Task for the records below: copy exactly, and only, the line containing "This tutorial is" and every line after it to the end, with pictures left out.

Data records
■ ■ ■ ■ ■ ■ ■

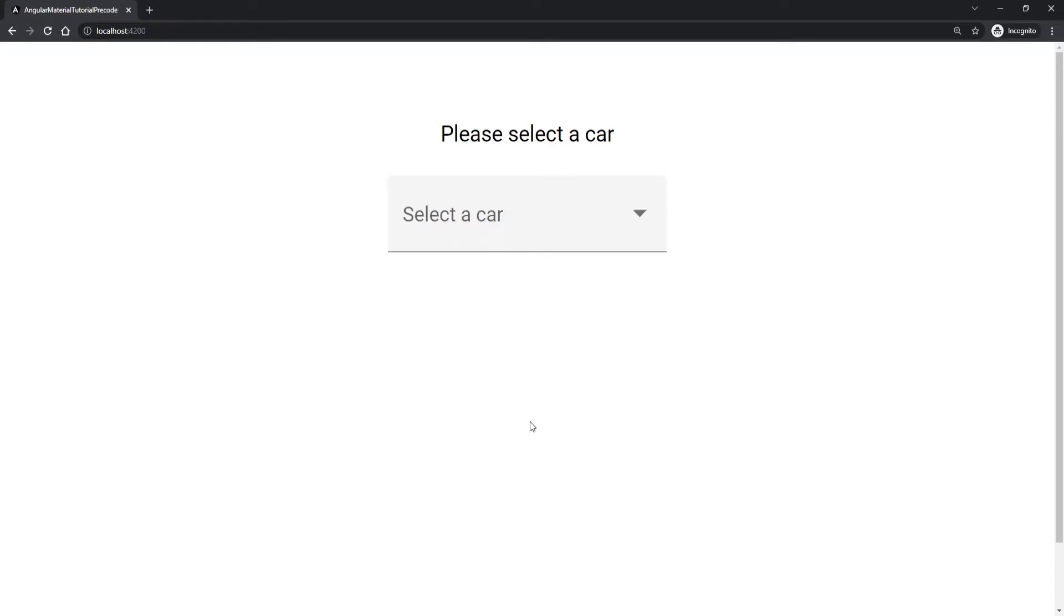Hey guys, Omerko here, self-taught web developer with another video for the Angular Material series. In this video, I will present to you the select component, which is another component that can be used for forms in Angular Material.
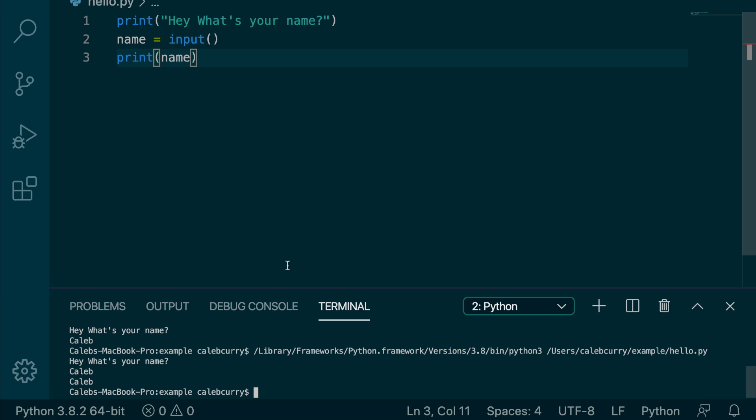And we're actually really far into the series to not have seen any examples of a dynamic program. A dynamic program is a program that each execution is different. We have different paths in our program, and it's all built upon input. It can be input from, in this case, the terminal, or we could get input from a database or a text file or whatever it might be.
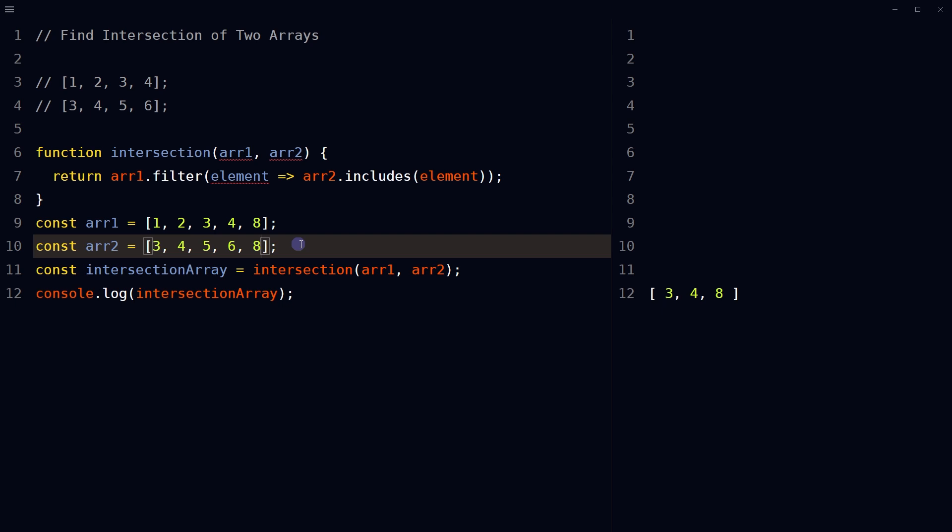So this is how we can find the intersection of two arrays using JavaScript. I hope it helped — like, share, subscribe, and I will see you in the next video.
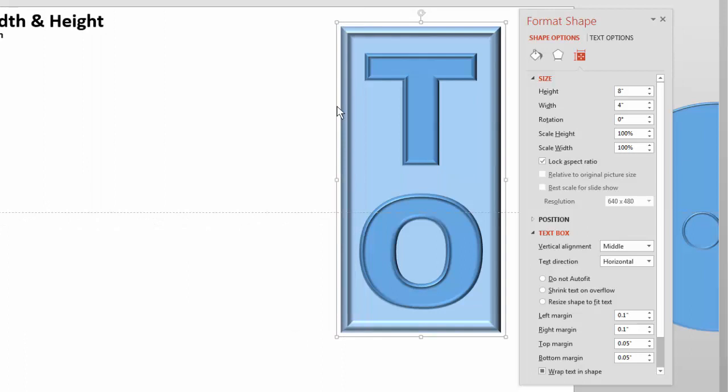Welcome back to another LP Gallery tutorial. Today we're going to be talking about how to scale a 3D bevel's width and height with the object. As you probably know, if you apply a 3D bevel to an object or text and you scale that object bigger or smaller, the 3D bevel stays in the same width and height. It does not scale, and that's not what you want. You'd ideally like the bevel to scale proportionally with the object.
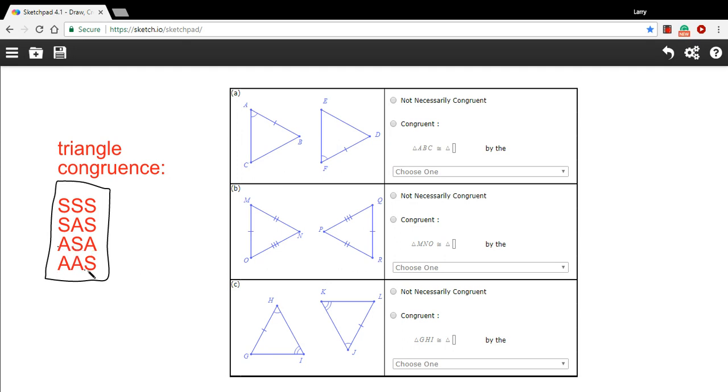Or the angle, angle, side theorem—if you've got two angles and one side that are congruent, then you've got two triangles that are congruent. So let's take a look at these.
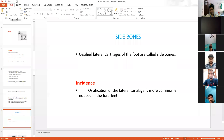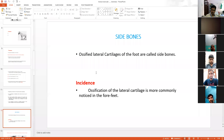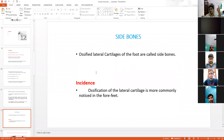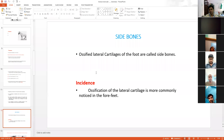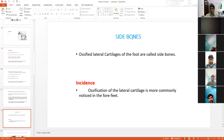The next condition is side bones. Side bone is ossification of the lateral cartilage of the foot — ossification means there is extra growth of bone. In contrast, quitter is necrosis of the lateral cartilage. So side bone means extra bone is present — ossification of lateral cartilage — whereas quitter is necrosis.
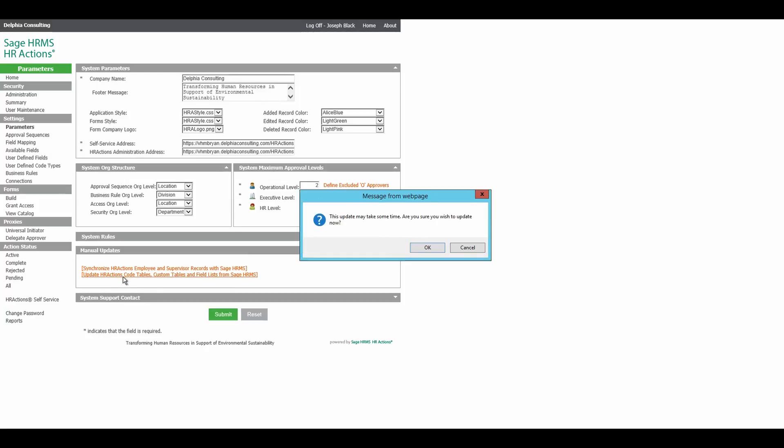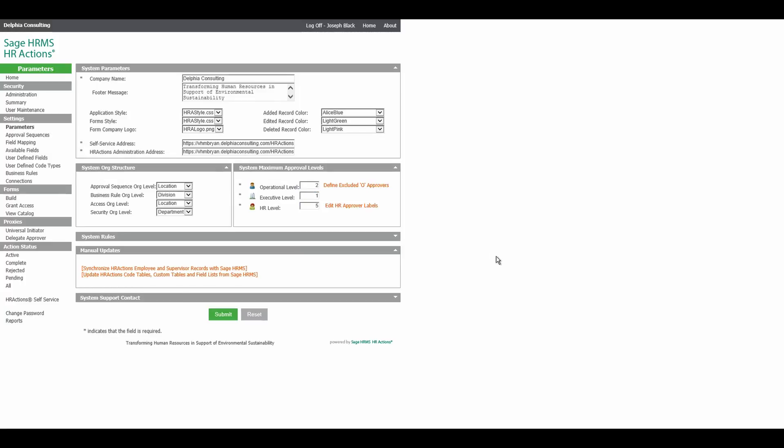This will bring in your new company. Once the manual updates are complete, the section will minimize. Please allow enough time for this process to run and do not close out until the section is complete.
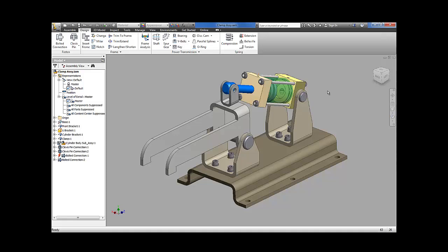This is where the DXF exporter comes in. It will, with a click of a button, find all the sheet metal parts in your design and in one place give you the opportunity to set the export options. You can then export all the design sheet metal flat patterns in one go.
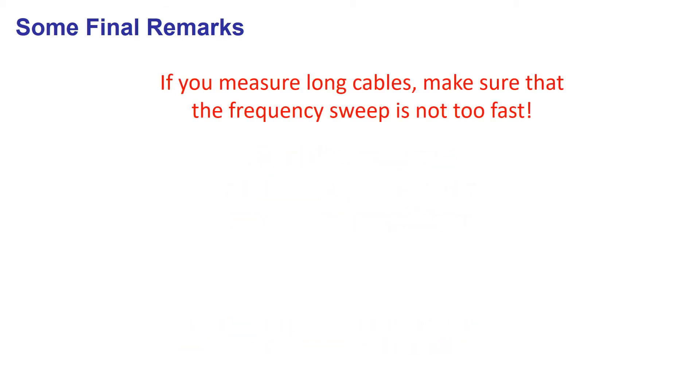Special procedures are needed when measuring long cables or other devices with long transit times. In this case, the signal frequency at the end of the device lags behind the network analyzer source frequency. When the frequency shift is significant in comparison to the instrument's intermediate frequency bandwidth...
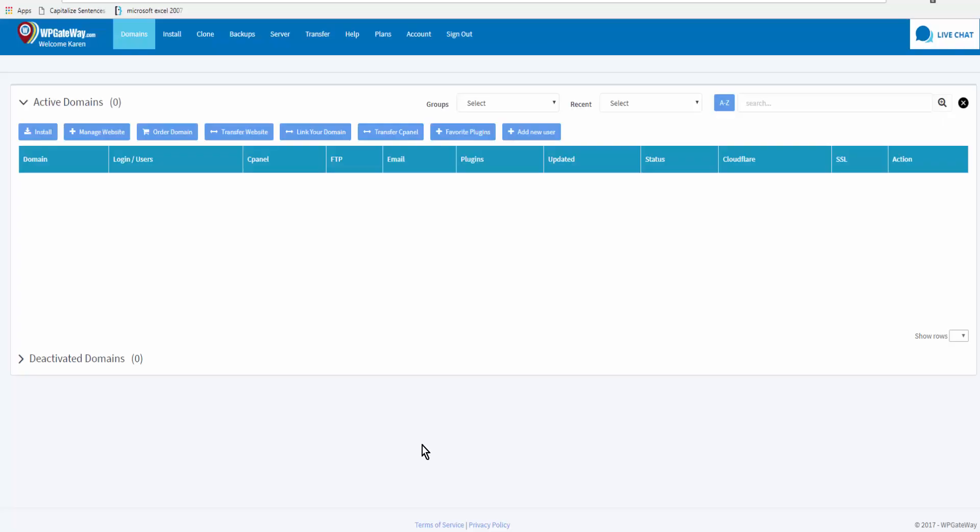This tutorial is going to show you three things: how to order a domain through WP Gateway, how to order an SSL certificate for that domain through WP Gateway, and then how to install your first website.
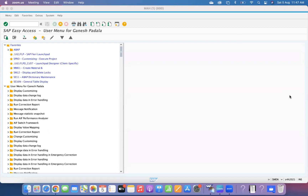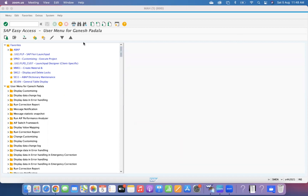First of all, I want to tell you that in S4HANA, when you create invoice verification, there will be a default tax code visible. I want to explain what that setting is, where you can configure it, and at what level you can configure those things.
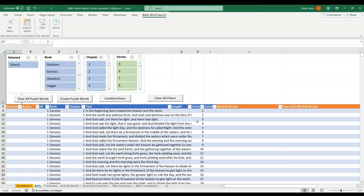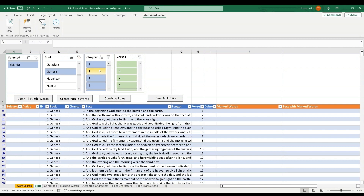Before you start creating these puzzle words, you may first choose to activate some of the filters to only show the verses that you want to use for your puzzles. You can either use the slicers on top of the page or the filter icons in the header row of the table.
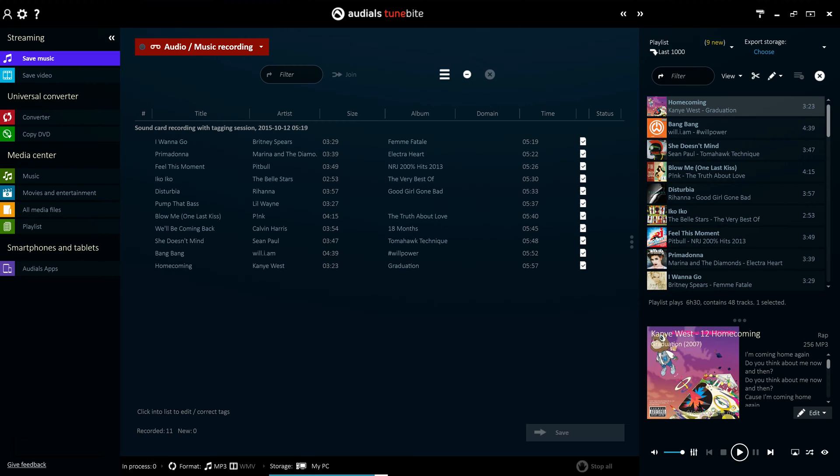With Audios TuneByte Premium, websites and programs which could previously be used for streaming only become something much more. Audios unlocks the ability to download your desired music from such services so that you can play them back at your leisure and download them onto your other devices.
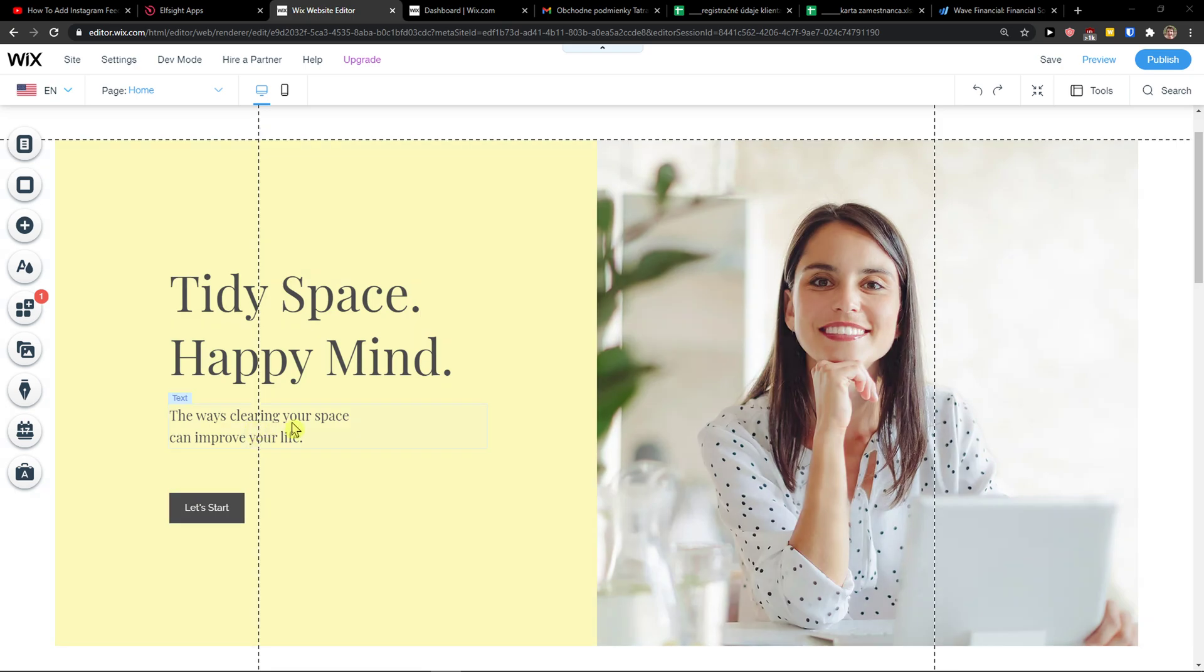Hey guys, my name is Markus and in this video I'll show you a simple way to add a YouTube channel to your Wix website.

■ ■ ■ ■ ■ ■ ■

_SOLUTION TO THIS EXERCISE_
This tutorial is going to show you three things: how to order a domain through WP Gateway, how to order an SSL certificate for that domain through WP Gateway, and then how to install your first website.
First of all, I want to tell you that in S4HANA, when you create invoice verification, there will be a default tax code visible. I want to explain what that setting is, where you can configure it, and at what level you can configure those things.
Before you start creating these puzzle words, you may first choose to activate some of the filters to only show the verses that you want to use for your puzzles. You can either use the slicers on top of the page or the filter icons in the header row of the table.
With Audios TuneByte Premium, websites and programs which could previously be used for streaming only become something much more. Audios unlocks the ability to download your desired music from such services so that you can play them back at your leisure and download them onto your other devices.
Hey guys, my name is Markus and in this video I'll show you a simple way to add a YouTube channel to your Wix website.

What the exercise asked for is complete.